=== Task data ===

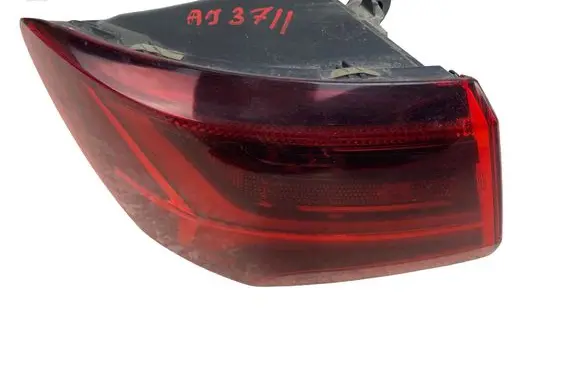 Audi A6 S6 C7 4G Rear/tail lights 4G9945095E
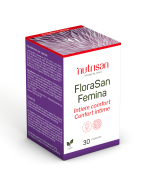 Nutrisan FloraSan Femina | 30 gélules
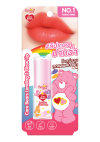 CARE BEAR LANDING 2 GLOW LIP #01 TOKYO PINK 3.2G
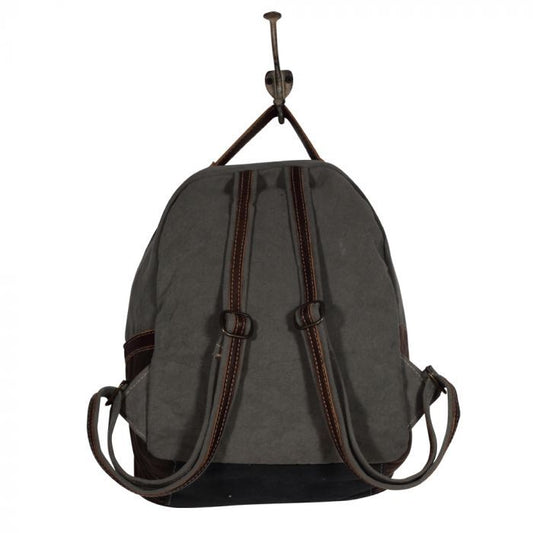 Myra Bag Endearing Backpack Bag Back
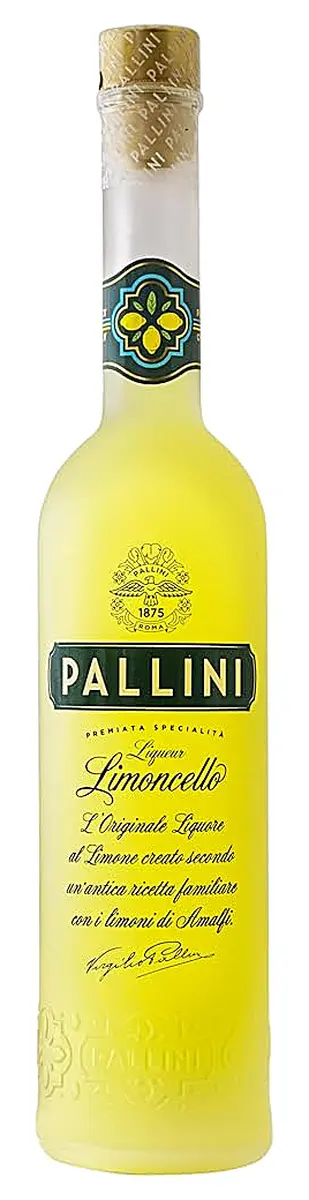 Limoncello - Pallini - Pallini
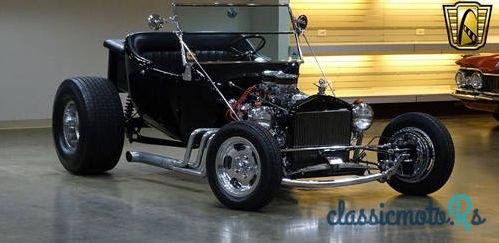 1923' Ford T- Bucket photo #1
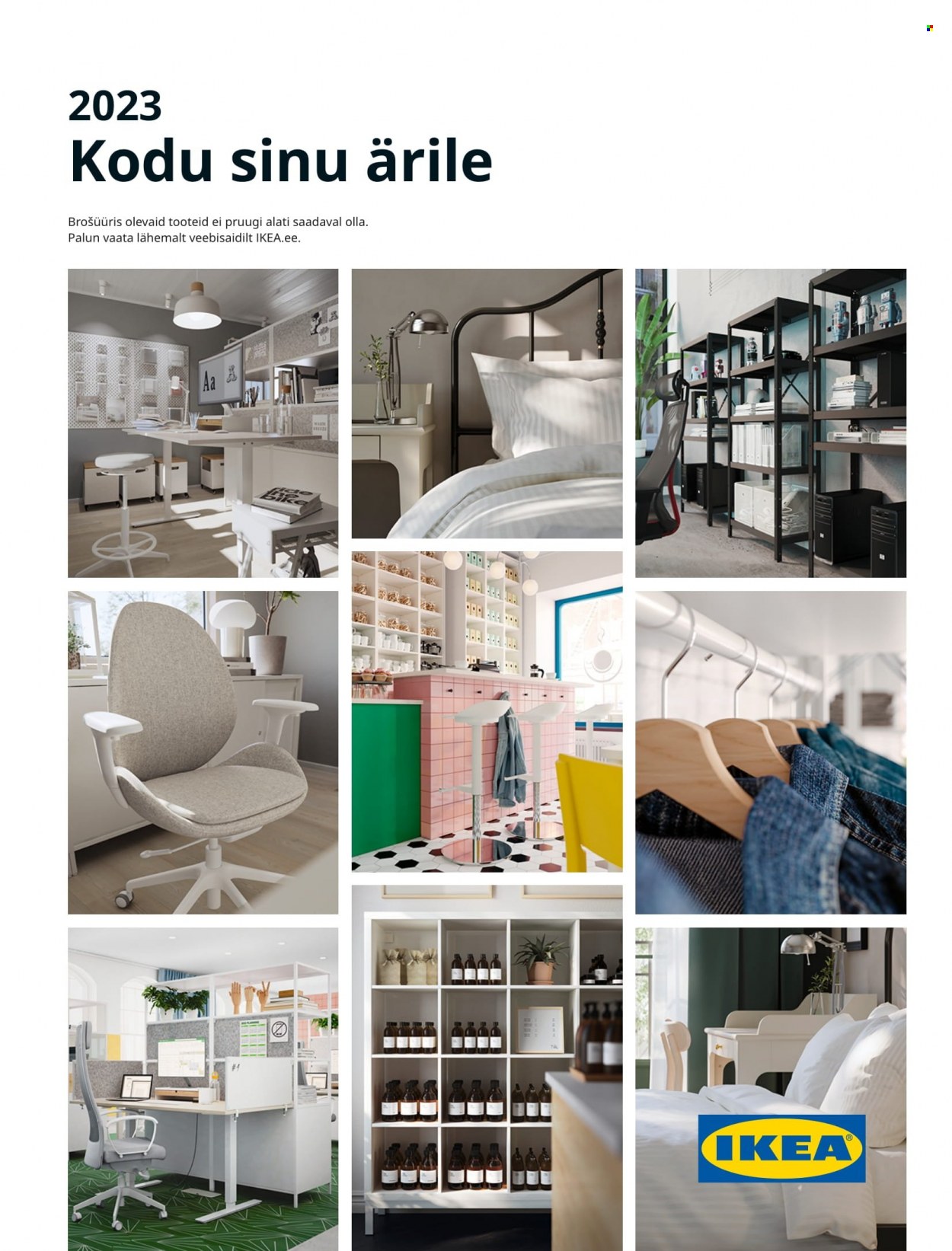 ikea - IKEA kliendileht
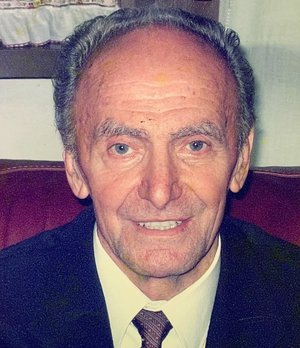 Pievani Battista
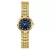 Guess Női óra karóra CLARA GW0930L4 nemesacél arany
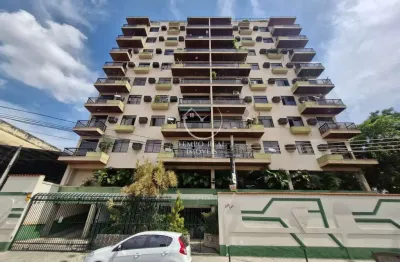 Apartamento com 4 quartos à venda na Rua Teresinha Pinto, Centro, Nova Iguaçu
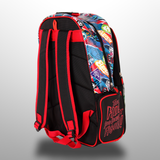 Stranger Things Teen School Backpack 18 Inch
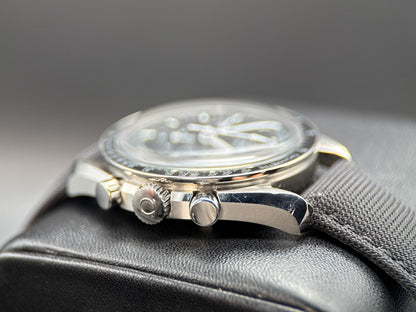 OMEGA Speedmaster Moonwatch 310.32.42.50.01.001 Black Dial 42mm Manual Watch2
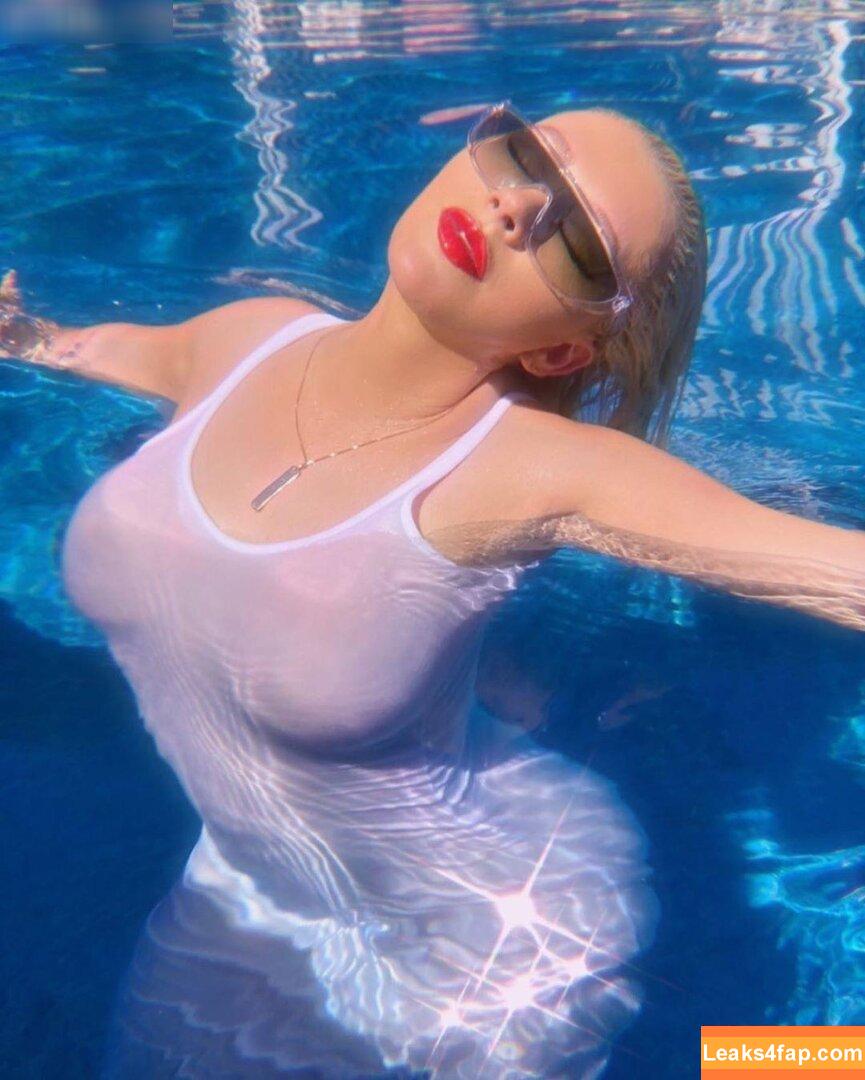 Christina Aguilera / XTINA / christinaaguilera leaked photo photo #1485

===

What the task asks ▸
Quote, without alteration, the lines running from the line containing "Guess Női óra" to the last line of the entries, and include no pictures.

Answer to this task ▸
 Guess Női óra karóra CLARA GW0930L4 nemesacél arany
 Apartamento com 4 quartos à venda na Rua Teresinha Pinto, Centro, Nova Iguaçu
 Stranger Things Teen School Backpack 18 Inch
 OMEGA Speedmaster Moonwatch 310.32.42.50.01.001 Black Dial 42mm Manual Watch2
 Christina Aguilera / XTINA / christinaaguilera leaked photo photo #1485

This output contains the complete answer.